Chris de Burgh buys rare WW1 letter for $27,000

By Mike Collett-White

LONDON (Reuters) - A rare letter home by an unnamed British soldier describing the Christmas Day truce with German forces in 1914 sold on Tuesday for around 40 times its estimate, and was bought by Irish singer Chris de Burgh.
De Burgh contacted the press office at Bonhams auctioneers after paying 14,400 pounds ($27,000) for the manuscript against a presale estimate of between 300 and 400 pounds, explaining why he was so passionate about the subject.

"He found the content extremely moving as it documented a very personal account of World War One and he believes it to be a great historical manuscript, charting the surreal events of December 25, 1914," Bonhams said after the sale.
The star also said his great uncle, Thomas de Burgh, was an officer killed in the Great War and his grandfather General Sir Eric de Burgh served in the trenches.

The five penciled pages of an army-issue notebook addressed to "My dear Mater" and signed simply "Boy" are one of the few uncensored accounts of life in the trenches.
Felix Pryor, a manuscript expert who acted as consultant on the sale, said it was one of the most moving documents he had come across.
"Letters aren't rare in themselves. But I've been doing this since 1975 and I've never come across a letter like that describing the Christmas truce," he told Reuters. The fate of the author is unknown.

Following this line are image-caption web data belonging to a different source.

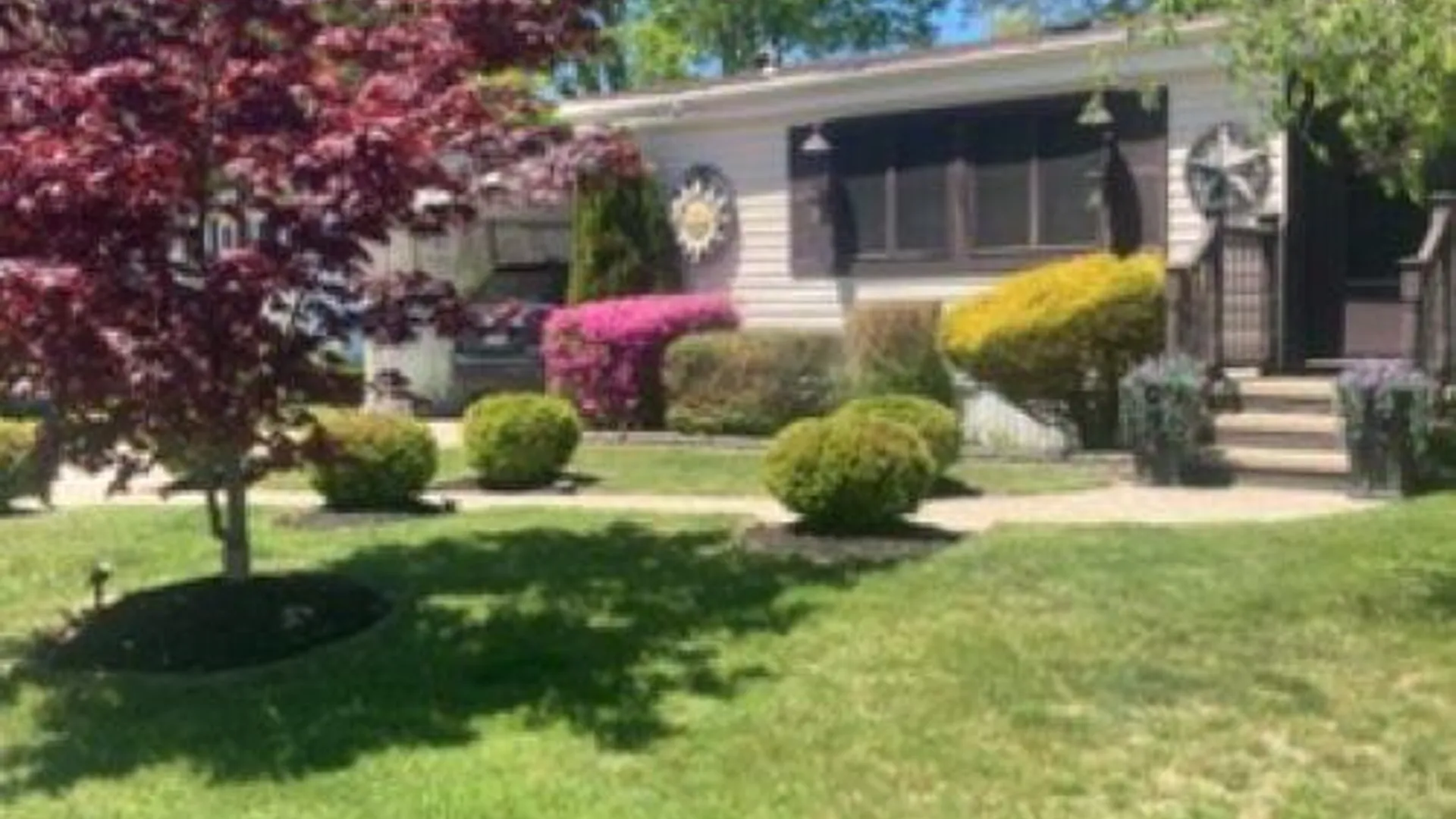 Property at 1661 Old Country Rd, Riverhead, NY 11901 2
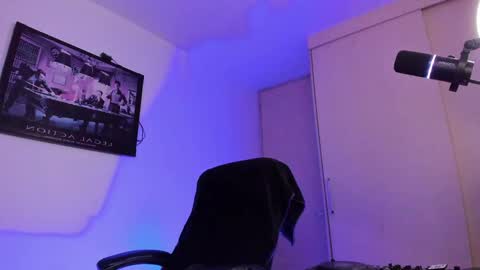 Snapshot of _elon_coxx_ chatting on 01/20/25, 04:32 - online show from 01/20/25, 04:32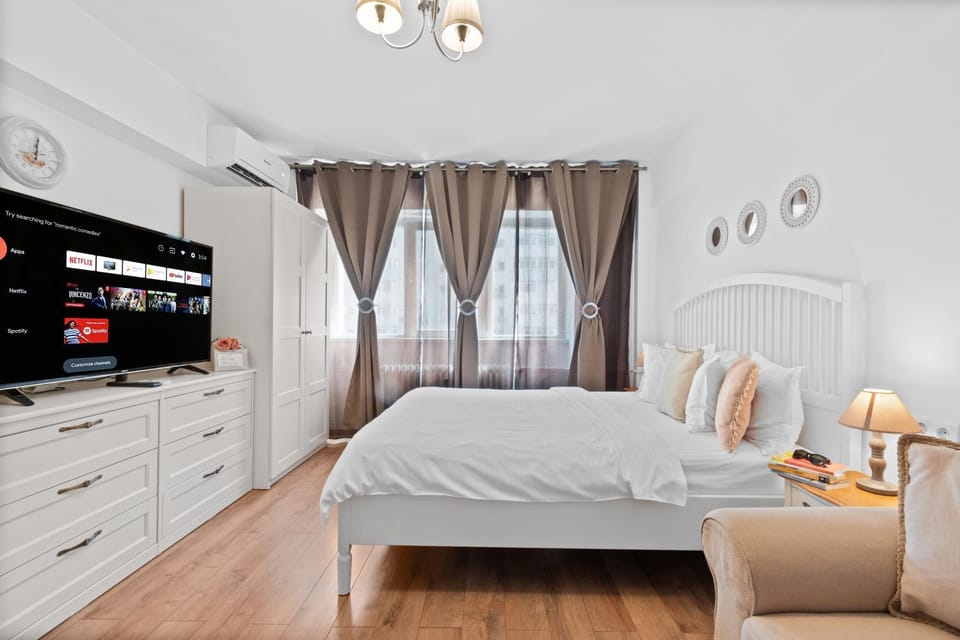 Bed, TV and multimedia, Bedroom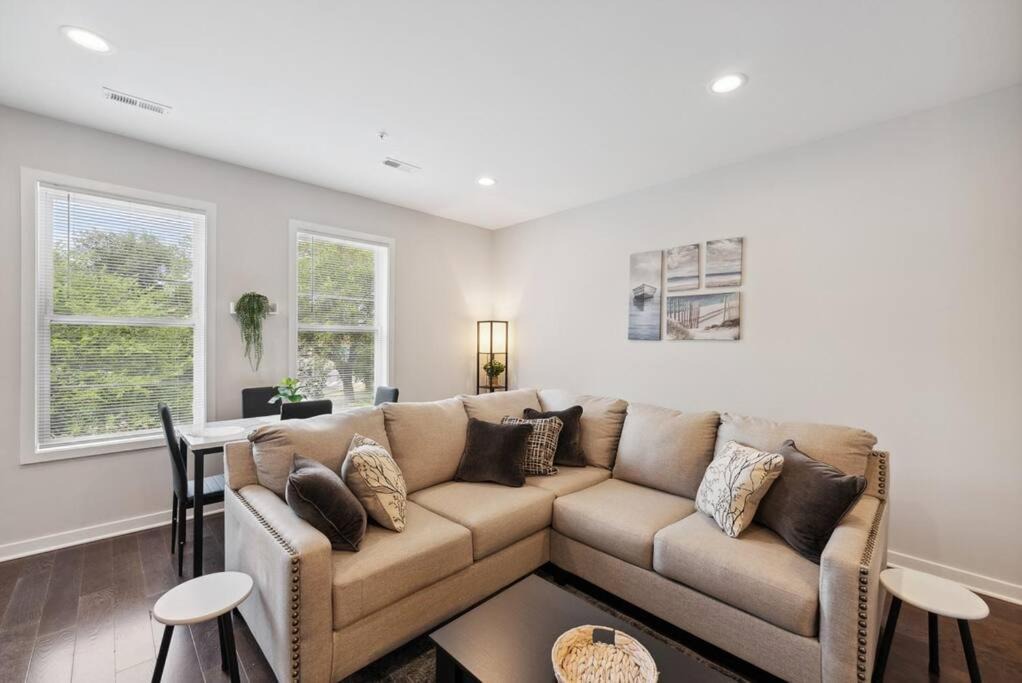 Photo of Livingroom in Fairlawn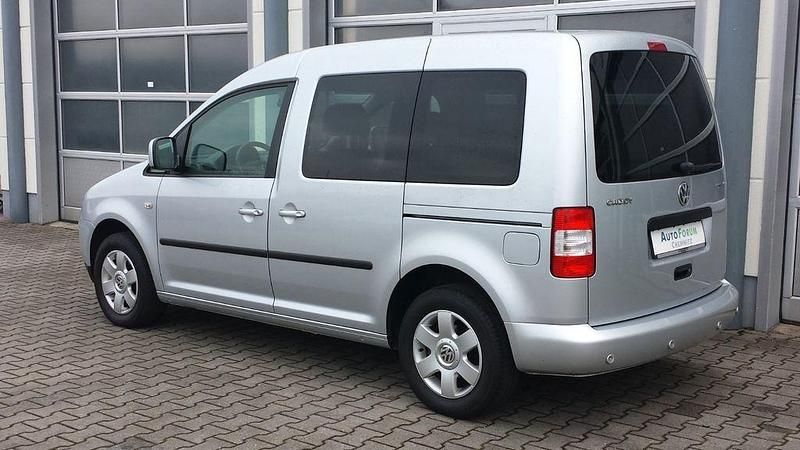 Gebraucht VW Caddy Life 105 PS (77 kW) 2007 Silber Van / Kleinbus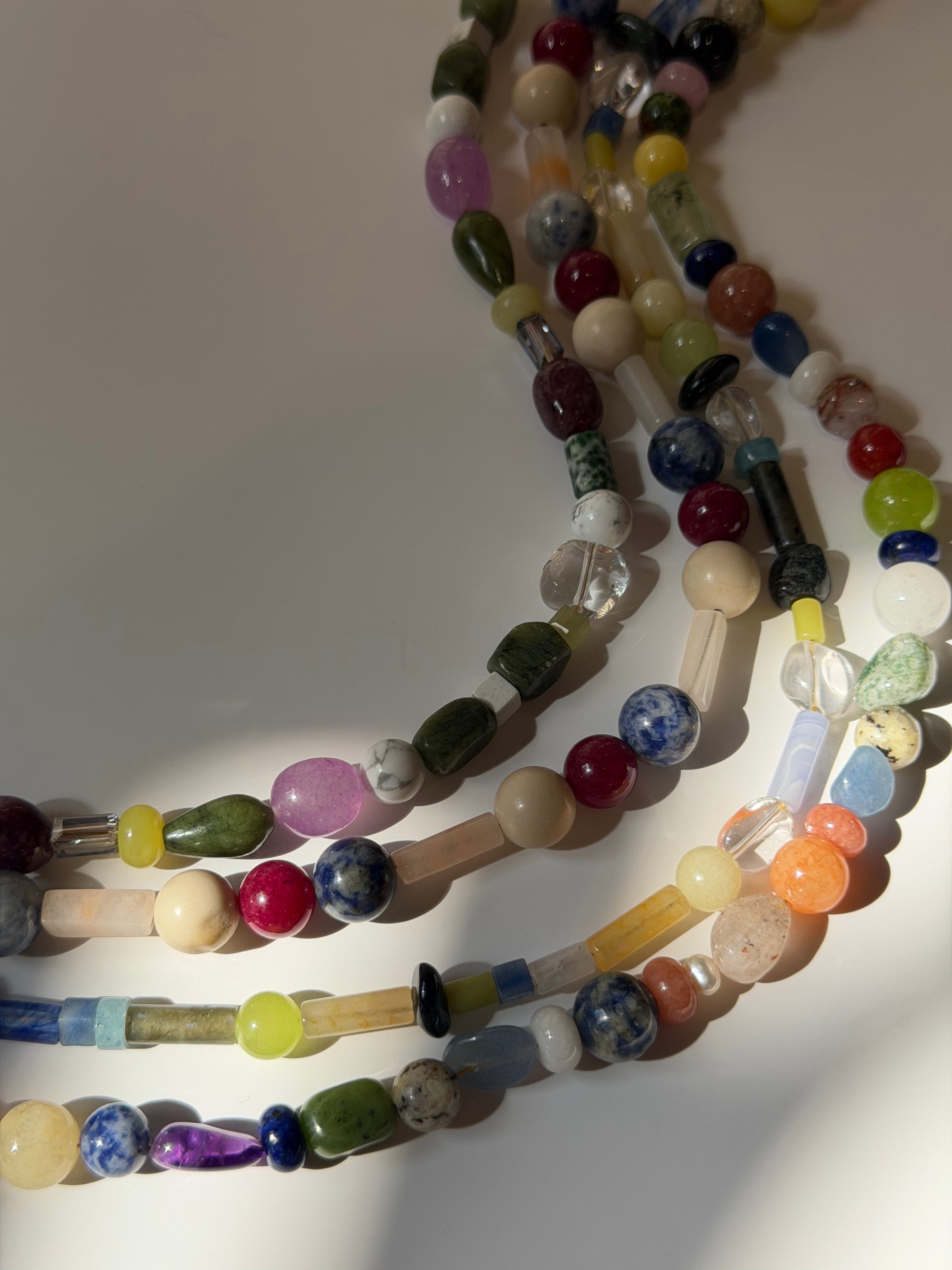NATURAL STONES NECKLACE - ORCHID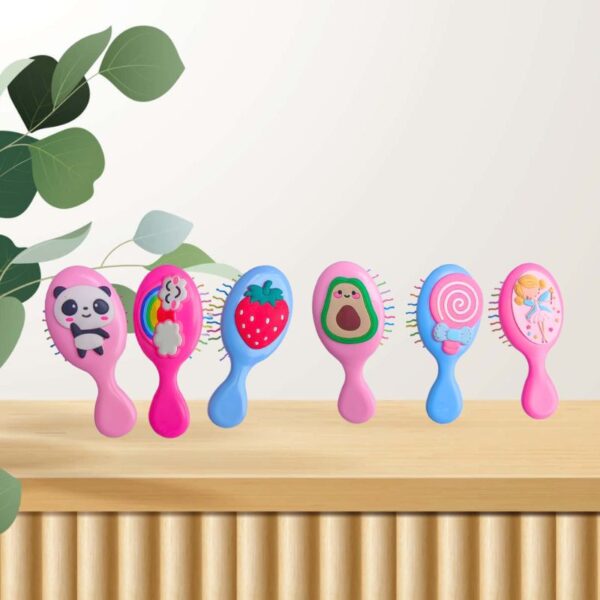 PEINE FIGURITAS 3D DE COLORES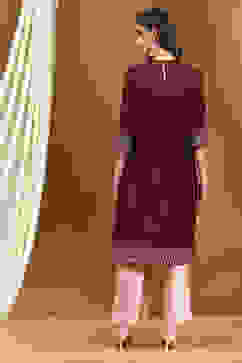 Maroon Silk Yard Dyed Straight Festive Kurta image number 3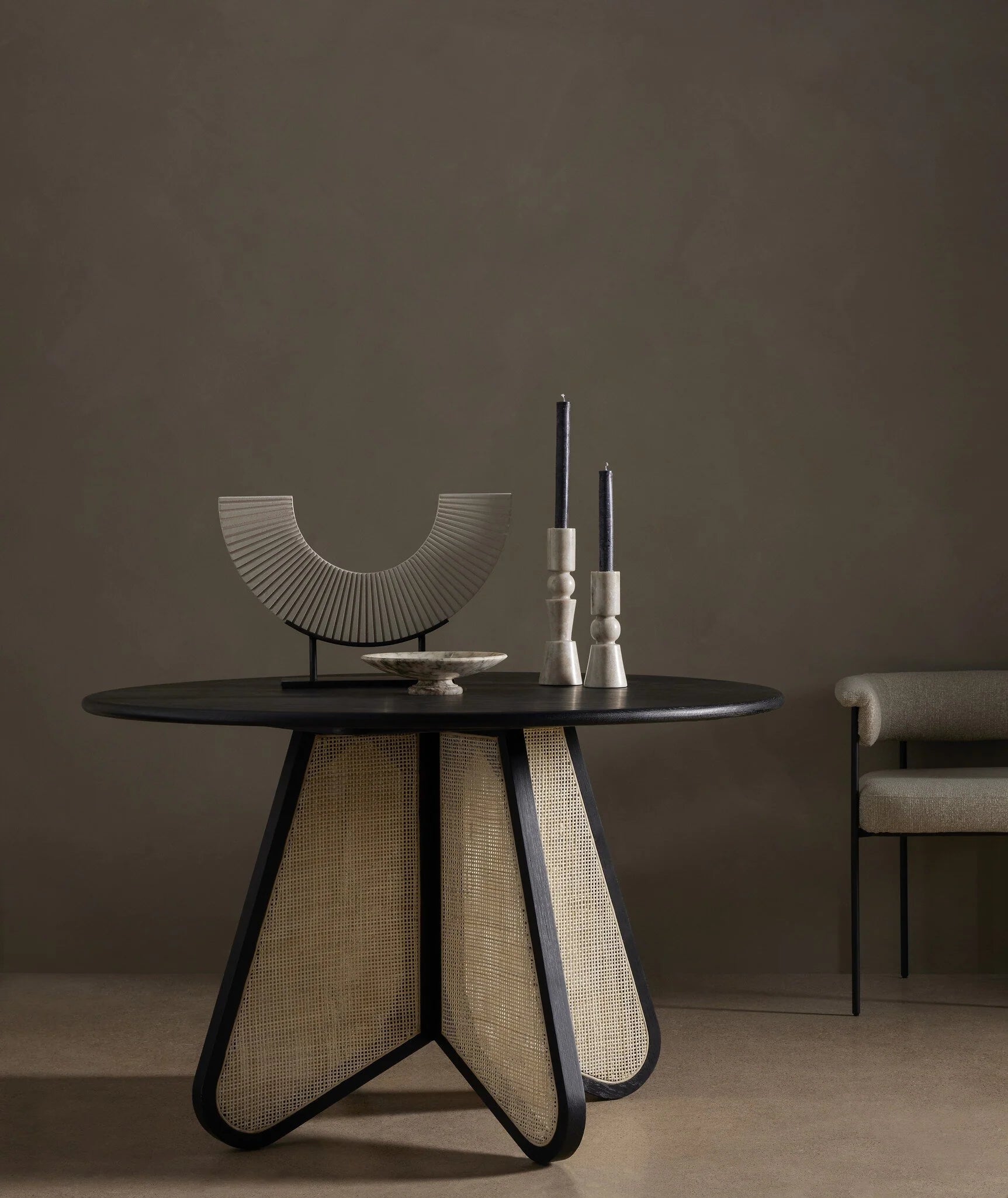 Marlina Candle Holder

In his account of one of the war's most poignant and surreal moments, the author describes how German forces placed lights along their trenches before approaching the British lines to wish them Happy Christmas.
"This will be the most memorable Christmas I've ever spent or likely to spend: since about tea time yesterday I don't think there's been a shot fired on either side up to now," he said in the pencil-written letter dated December 25, 1914.

"Some of our chaps went over to their lines. I think they've all come back bar one from 'E' Co. They no doubt kept him as a souvenir."
During the lull in fighting, soldiers played football, helped each other bury the dead, enjoyed a traditional Christmas meal and chatted and smoked together.

"We can hardly believe that we've been firing at them for the last week or two - it all seems so strange," the letter reads.


_I always love seeing the Collin Raye video with the read-in by the great Johnny Cash._


----------



## Kat Stevens (8 Nov 2006)

Ever hear his song "Paschendael"(sp?)?  It's along the lines of a letter home on the eve of the battle.  Very cool tune.


----------